**Given data**
+--

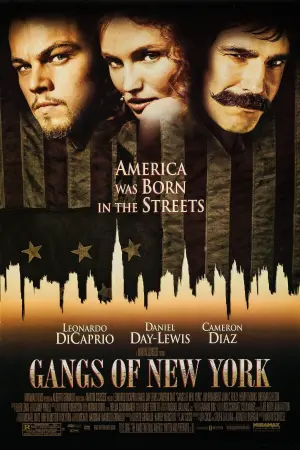 Poster to the movie "Gangs of New York" #77892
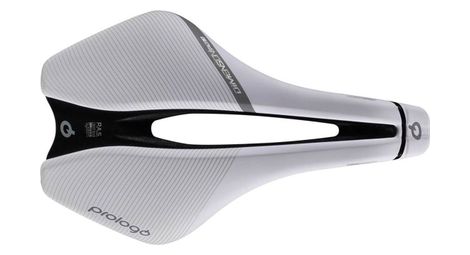 Sillín Prologo Scratch Pro Tirox Hard Blanco/Negro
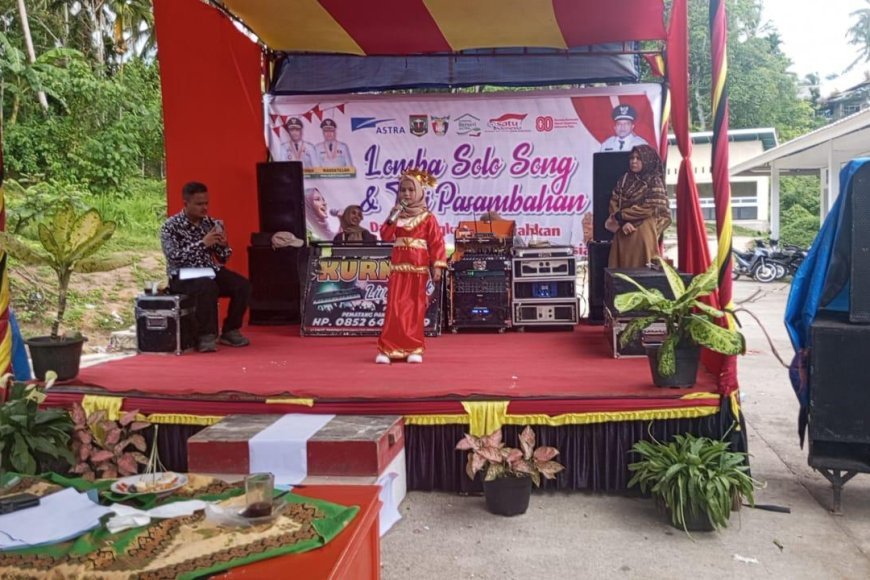 Santri SD dan SMP Akhlak Cendekia Muslim Tampil Memukau di Lomba Solo Song Memperingati HUT RI ke-80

+--

**Exercise brief**
An exact, word-for-word version of the material is required, free of pictures.

**Answer to this problem**
 Poster to the movie "Gangs of New York" #77892
 Sillín Prologo Scratch Pro Tirox Hard Blanco/Negro
 Santri SD dan SMP Akhlak Cendekia Muslim Tampil Memukau di Lomba Solo Song Memperingati HUT RI ke-80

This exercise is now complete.